When I click setting, yes.


----------



## Simspin (Sep 5, 2011)

me carnt get on anything but posts


----------



## Fatstuff (Mar 2, 2010)

when i clicked likes


----------



## Greenspin (Dec 27, 2010)

Actually when I try clicking any of the setting, profile etc pages it comes up.


----------



## Gorgeous_George (Apr 22, 2012)

Im no expert but i think its a database error?


----------



## Fatstuff (Mar 2, 2010)

yep me too now


----------



## Simspin (Sep 5, 2011)

must be an attack or sum shat.


----------



## Greenspin (Dec 27, 2010)

Gorgeous_George said:


> Im no expert but i think its a database error?





Fatstuff said:


> yep me too now


I'm starting to think the same thing.


----------



## Simspin (Sep 5, 2011)

were all doomed, doomed i tell ya!


----------



## Fatstuff (Mar 2, 2010)

another attack?


----------



## Simspin (Sep 5, 2011)

Fatstuff said:


> another attack?


Wat r u a parrot! :lol:


----------



## Wheyman (Sep 6, 2011)

so a database is like a base for data?


----------



## Wheyman (Sep 6, 2011)

It could be a denail of service attack, Glad i was the first to think this


----------



## Fatstuff (Mar 2, 2010)

Simspin said:


> Wat r u a parrot! :lol:


what r u a parrot?


----------



## Greenspin (Dec 27, 2010)

Simspin said:


> Wat r u a parrot! :lol:


I thought he was more like a detective? No?


----------



## Simspin (Sep 5, 2011)

Fatstuff said:


> what r u a parrot?


:laugh:


----------



## Simspin (Sep 5, 2011)

Greenspin said:


> I thought he was more like a detective?

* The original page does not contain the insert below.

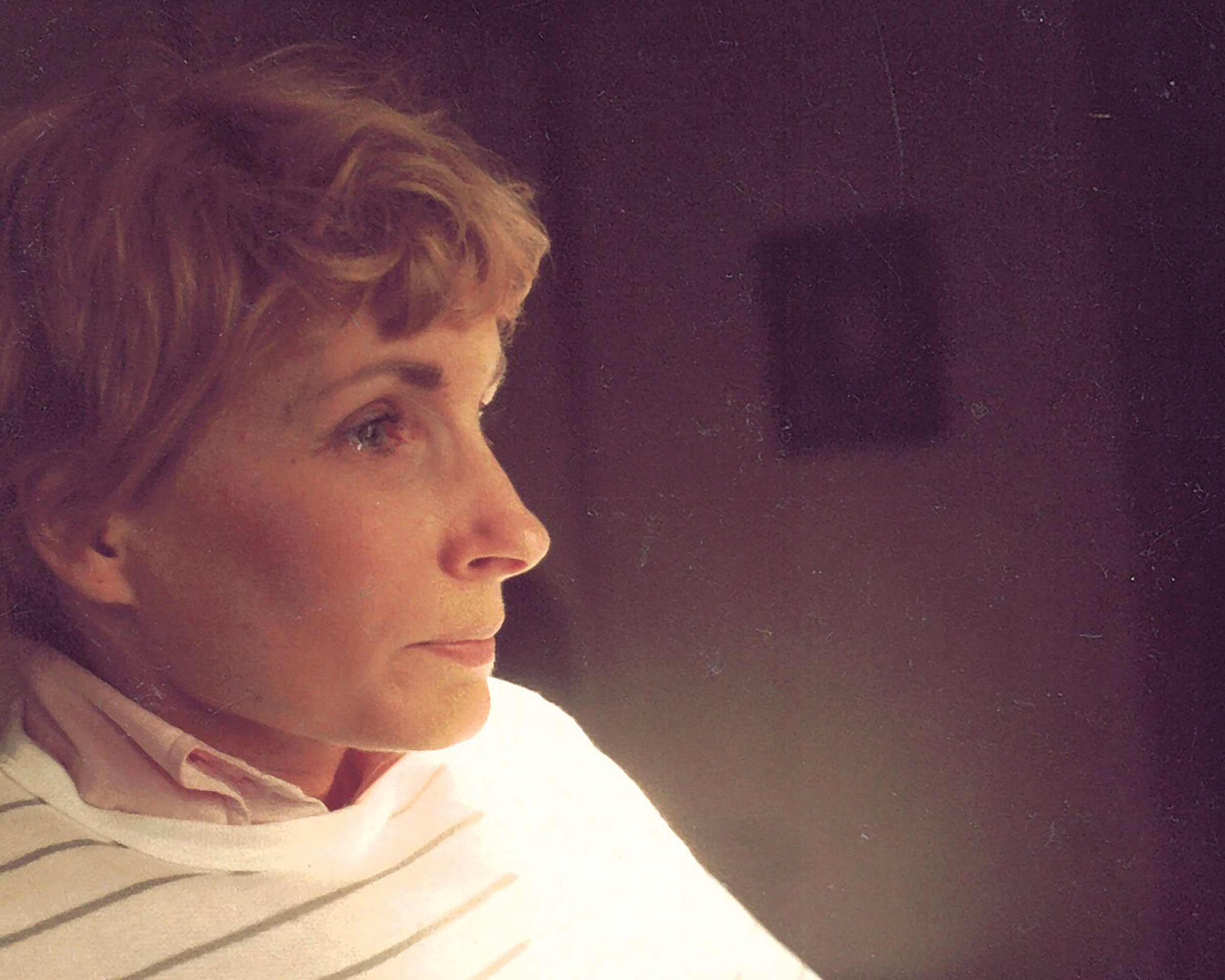 Linda Danziger a nourri les artistes intérieurs des étudiants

No?


inspector no clue :lol:


----------



## TS99 (Dec 27, 2011)

Clicked settings so i can join the database error crew, im in!


----------



## Simspin (Sep 5, 2011)

TS99 said:


> Clicked settings so i can join the database error crew, im in!


You were never out!


----------



## Wheyman (Sep 6, 2011)

this is a shared experience folks, it will make us stronger

like this


----------



## QUEST (Sep 26, 2009)

what's going down .. ohhh am sh!tin myself like when we used to get a black out in the old days ......


----------



## Wheyman (Sep 6, 2011)

I think its the start of the end


----------



## latblaster (Oct 26, 2013)

I fkn hope this isn't another attack like before.


----------



## Simspin (Sep 5, 2011)

Wheyman said:


> this is a shared experience folks, it will make us stronger
> 
> like this


 :crying: i want a new mobile.


----------



## Gorgeous_George (Apr 22, 2012)

Fawk it lads grab all ya canned goods & reasonable adjustable dumbbells , get in ya basements & await further instruction....this could be it


----------



## Wheyman (Sep 6, 2011)

im moving down to the basement and taking cover this is going crazy


----------



## latblaster (Oct 26, 2013)

Can't click on 'settings'........ :confused1:


----------



## Simspin (Sep 5, 2011)

We will fight them on the beaches!


----------



## Simspin (Sep 5, 2011)

latblaster said:


> Can't click on 'settings'........ :confused1:


yer none of that stuff works now kida.


----------



## Wheyman (Sep 6, 2011)

Simspin said:


> We will fight them on the beaches!


you fight them on the beaches im off


----------



## Simspin (Sep 5, 2011)

Wheyman said:


> you fight them on the beaches im off


Well i smelled something but did not want to say


----------



## TS99 (Dec 27, 2011)

Im running and im not looking back!


----------



## Gary29 (Aug 21, 2011)

I think there may be a problem with the database, although that's just my gut feeling.


----------



## TS99 (Dec 27, 2011)

Gary29 said:


> I think there may be a problmg:em with the database, although that's just my gut feeling.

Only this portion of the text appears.